Using Data Mining to glimpse on our brain workings

Roberto Saracco December 28, 2018 Blog 459 Views

Frequency distribution of words in different languages based on 10 million words from 30 Wikipedia. They are pretty similar. Image credit: Wikipedia

Back in 1935 George Zipf, an American linguist, made an interesting observation: if we rank the words of the US English language we would discover that the word appearing most frequently (the) is followed by a set of words that show approximately half that frequency (be, and, a) and in turns these are followed by a set of words having 1/4 of the frequency and so on. Of course this is a coarse approximation but still it is sort of puzzling.

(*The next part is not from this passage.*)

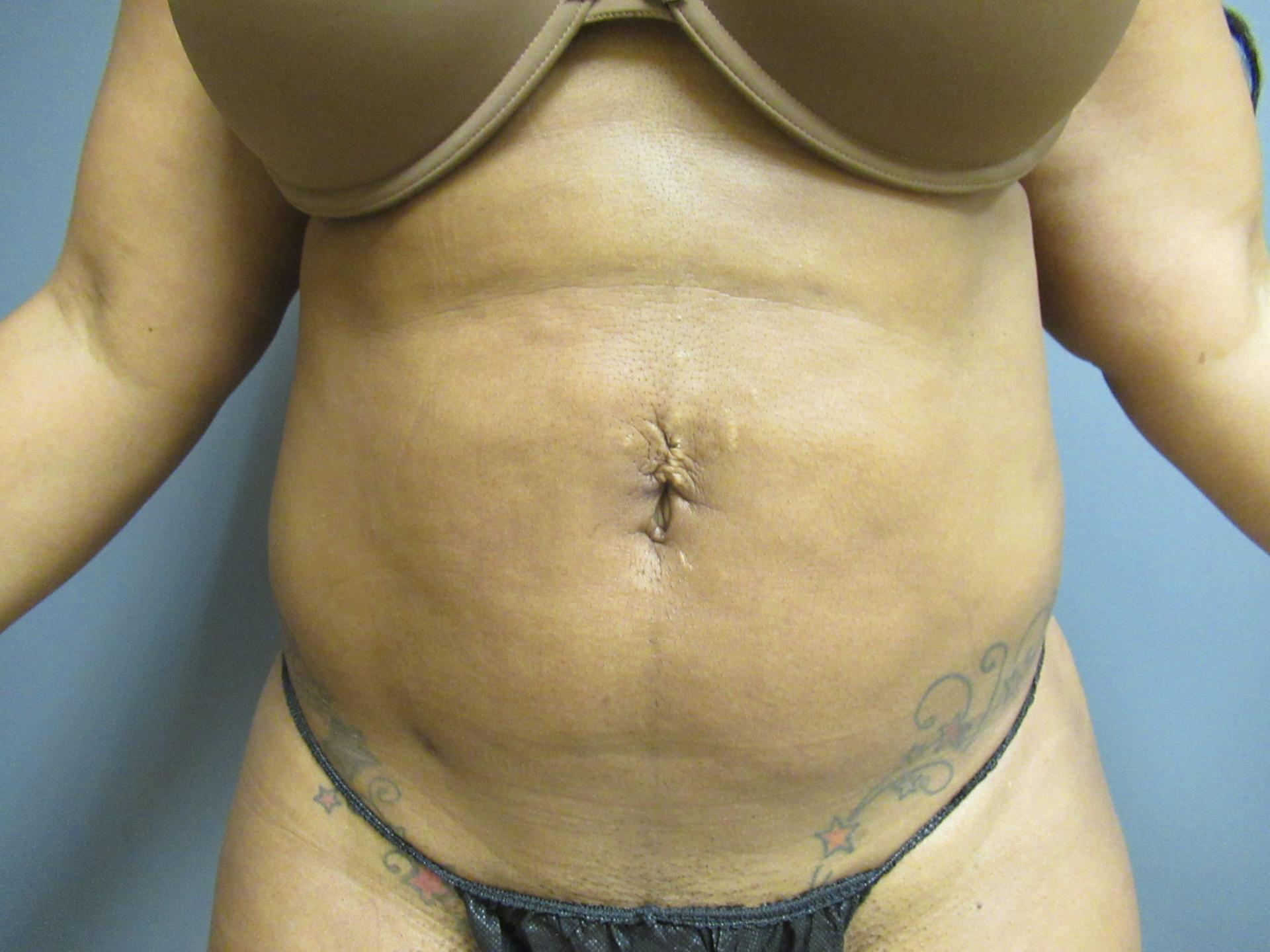 Aesthetic Plastic Surgery & Laser Center, Michelle Hardaway M.D. liposuction after — Farmington Hills, MI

This kind of distribution is know as the Zipf’s law.

More recently, a study at the Communication University of China in Beijing using data mining techniques explored 50 languages of very different roots and surprisingly they show the same distribution. Hence, it should be something more profound than the structure of a language (different languages have different structures) and the only common factor in those languages is that they are “produced” by brains. This seems to point out that brains share a common approach to processing (and uttering) languages resulting in this kind of distribution.

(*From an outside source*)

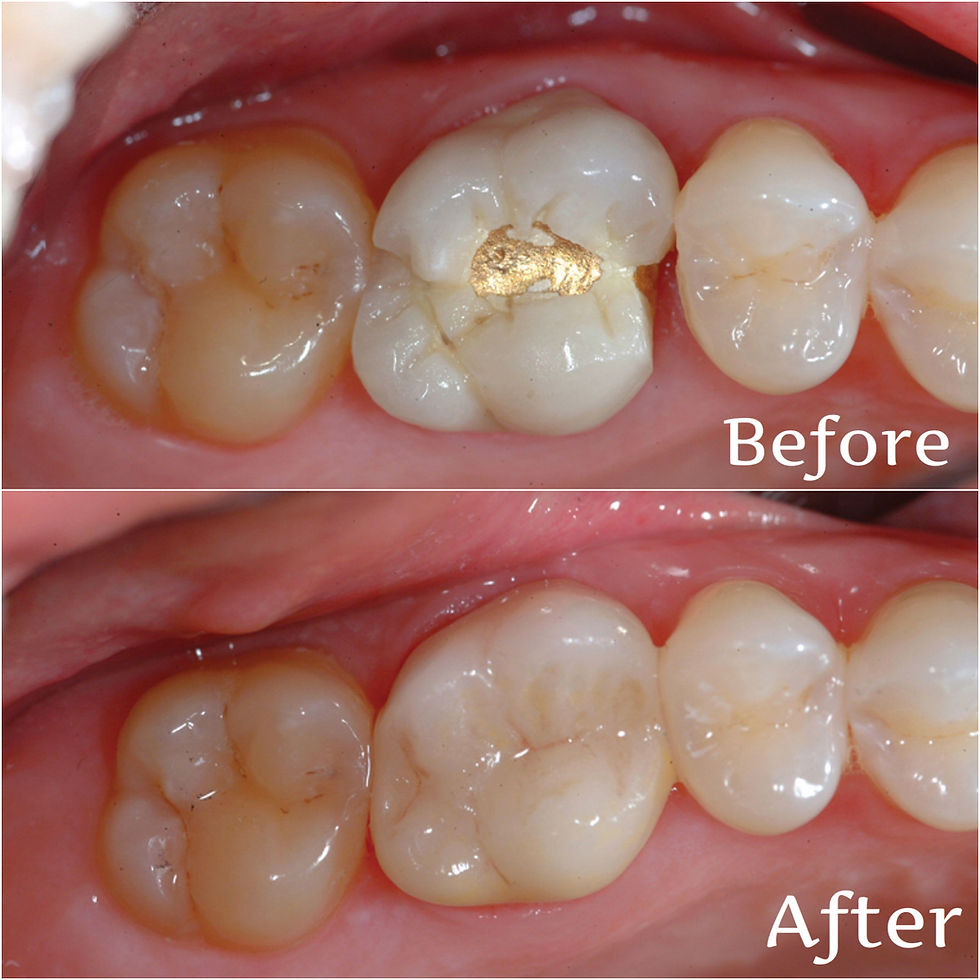 CEREC restoration, 1-visit crown, bridge, CADCAM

Indeed, recent observation at how the brain processes language (which is overlapping to how brain thinks!) shows that there are two processing approaches to languages (and thinking): a fast one and a more slowly paced one. The fast one is the one giving rise to the general structure of sentences, a sort of scaffolding composed by those frequently used words, the other is the one that fills in the gaps with more thoughtful words.

This also applies to the way we understand sentences. Take for example the question:

“a bat and a ball cost 1$10c. Knowing that the bat costs 1$ more than the ball, how much does the ball cost?”

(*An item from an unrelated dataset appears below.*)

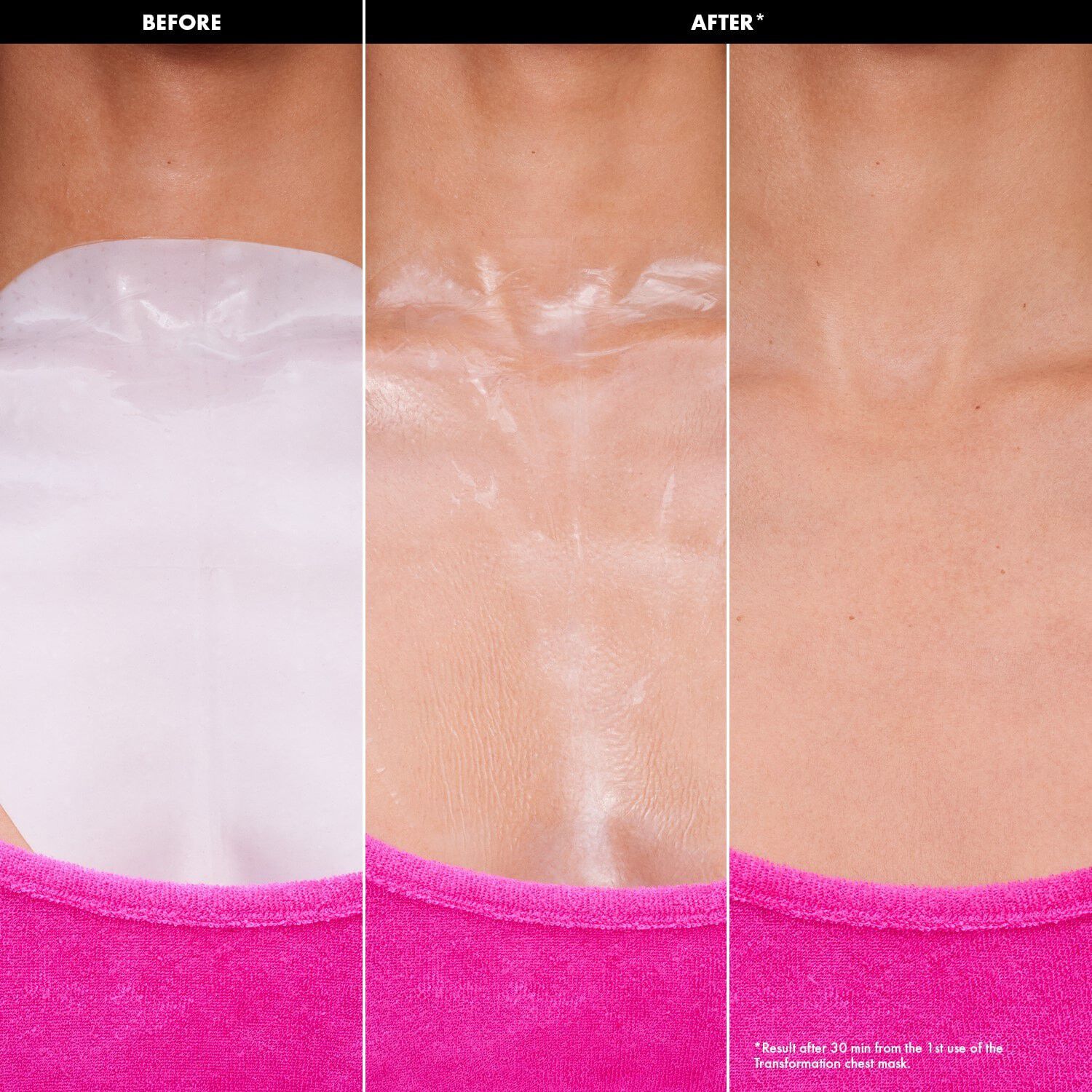 Transformation masks - Hydrogelmasker f&ouml;r ansikte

Our fast processing brain comes up with the answer 10c, why, it is obvious 10c plus 1$ makes 1.10$. Unfortunately, this is wrong. In this proposed solution the bat would cost 90c more than the ball. Our slowly paced brain will step in and provide the correct answer: 5c. Indeed, if the ball cost 5c, the bat -costing 1$ more- would cost 1.05$ hence all together they cost 1.10$.

I guess you can remember plenty of situation where the answer to a question just popped up immediately, but it was the wrong one. This is not because we are shallow, we don’t think enough. It is because of evolution that took care of developing a fast brain, able to react immediately to dangerous situations being right most of the time. Humans, differently from most other species, also developed a slow thinking brain that can create abstraction and do some sort of simulation on those abstractions coming up with a more appropriate solution.

It is interesting to see how data mining can cast some light on our brain inner workings. It shouldn’t come as a surprise though. Our language, as our actions, is the result of brain processing activity and by analysing those results, through reverse process engineering, we can shed more light on those processes.